Task objective
Could you retype the lines below, starting at the line holding "शेर, शावक और" and stopping at the line holding "男士分头往左还是往右？", inclusive? Copy them exactly and drop the images.

Data to process

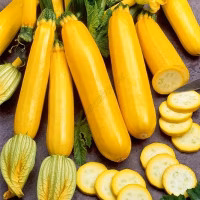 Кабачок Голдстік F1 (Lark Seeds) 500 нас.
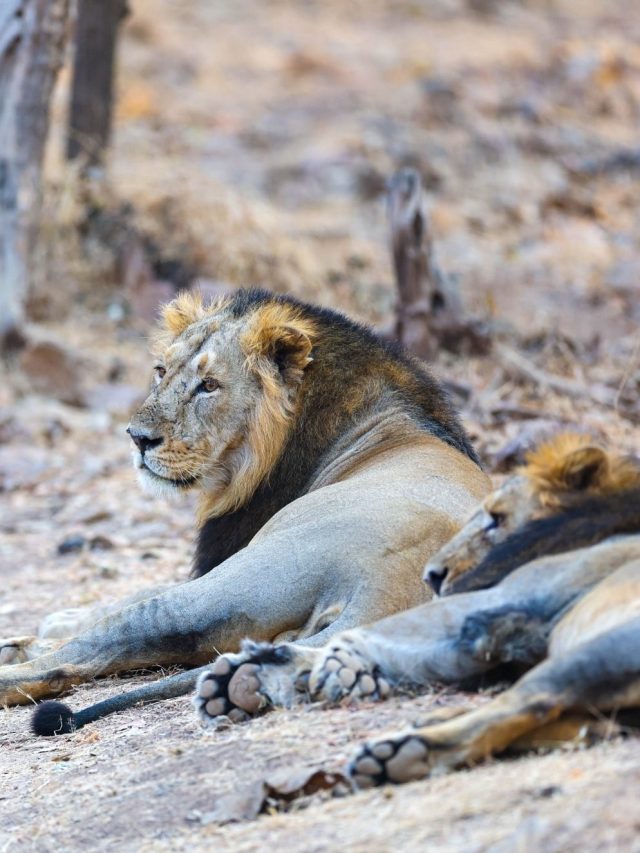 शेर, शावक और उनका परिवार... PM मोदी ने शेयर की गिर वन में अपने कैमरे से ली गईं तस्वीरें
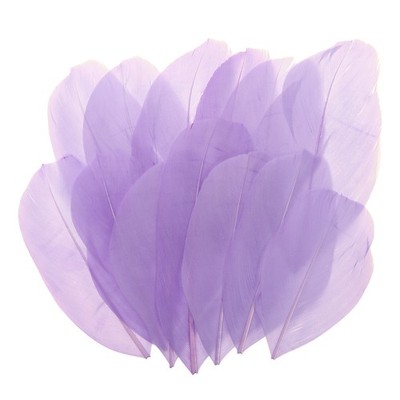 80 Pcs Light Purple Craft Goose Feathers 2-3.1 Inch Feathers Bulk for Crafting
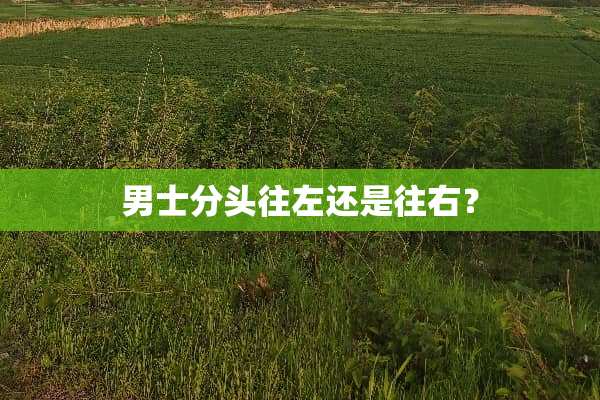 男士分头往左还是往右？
--
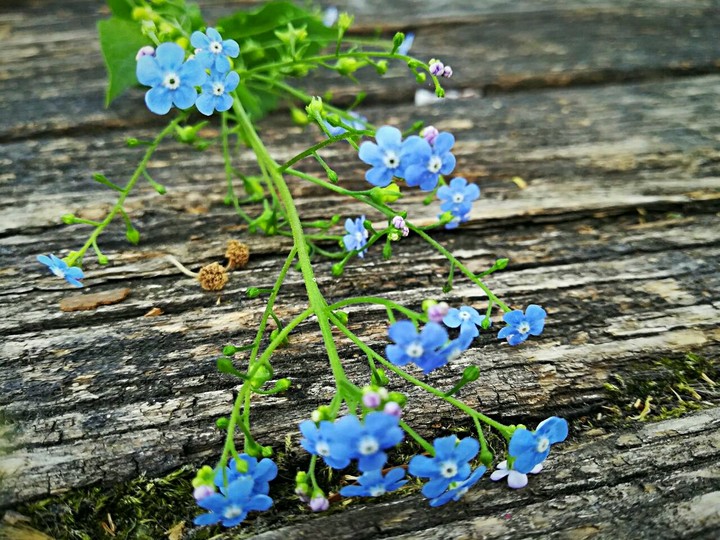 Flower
--
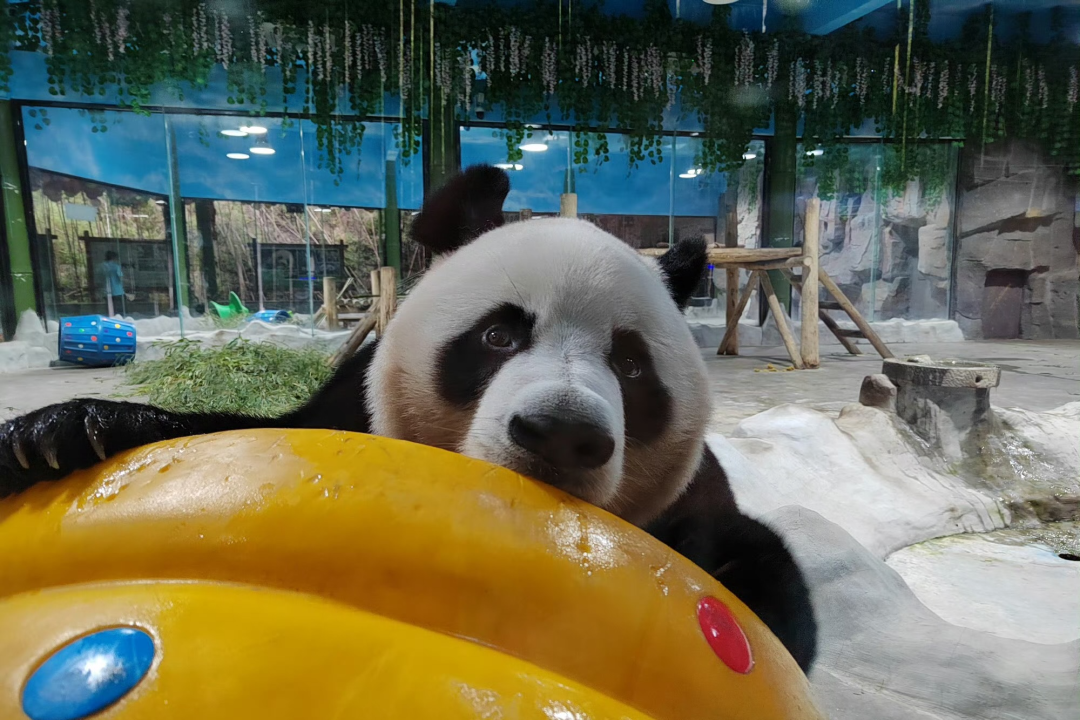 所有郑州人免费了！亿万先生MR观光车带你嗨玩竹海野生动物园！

Response to the exercise
 शेर, शावक और उनका परिवार... PM मोदी ने शेयर की गिर वन में अपने कैमरे से ली गईं तस्वीरें
 80 Pcs Light Purple Craft Goose Feathers 2-3.1 Inch Feathers Bulk for Crafting
 男士分头往左还是往右？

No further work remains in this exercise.